China

Nepal scraps $2.5 Billion hydropower plant deal with Chinese company

In June a Maoist-dominated coalition government awarded a contract to China Gezhouba Group Corporation to build a 1,200 MW plant on the Budhi Gandaki River.

Nepal has scrapped a $2.5 billion deal with China Gezhouba Group Corporation to build the country’s biggest hydropower plant, citing lapses in the award process, the energy minister said.

“The cabinet has cancelled the irregular … agreement with Gezhouba Group to build the Budhi Gandaki hydroelectric project,” Energy Minister Kamal Thapa, who is also the country’s deputy prime minister, said on Monday in a twitter post in Nepali after a cabinet meeting. He did not give further details.

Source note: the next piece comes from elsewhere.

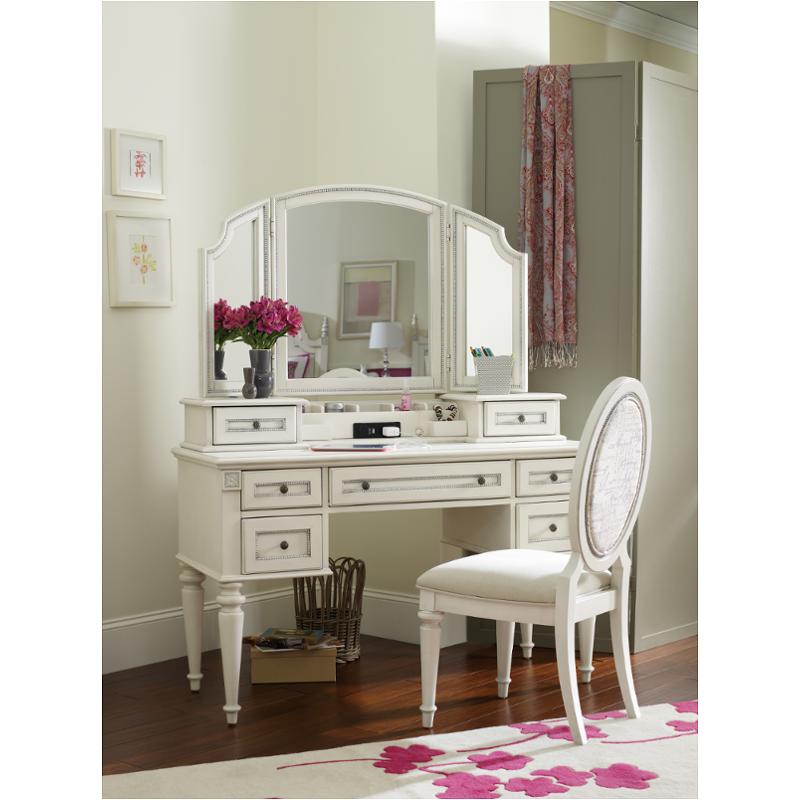 1515 46331 Hooker Furniture Claire Kids Room Vanity Desk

Nepal’s rivers, cascading from the snow-capped Himalayas, have vast, untapped potential for hydropower generation, but lack of funds and technology have made Nepal lean on India to meet annual demand of 1,400 megawatts (MW).

In June a Maoist-dominated coalition government awarded a contract to China Gezhouba Group Corporation to build a 1,200 MW plant on the Budhi Gandaki River, about 50 km west of Kathmandu, to address acute power shortages.

Critics say the $2.5 billion project was handed to the Chinese company without any competitive bidding, which is required by law, and a parliamentary panel asked the government that succeeded the Maoist-led coalition to scrap the deal.

Officials of the Chinese company were not immediately available for comment.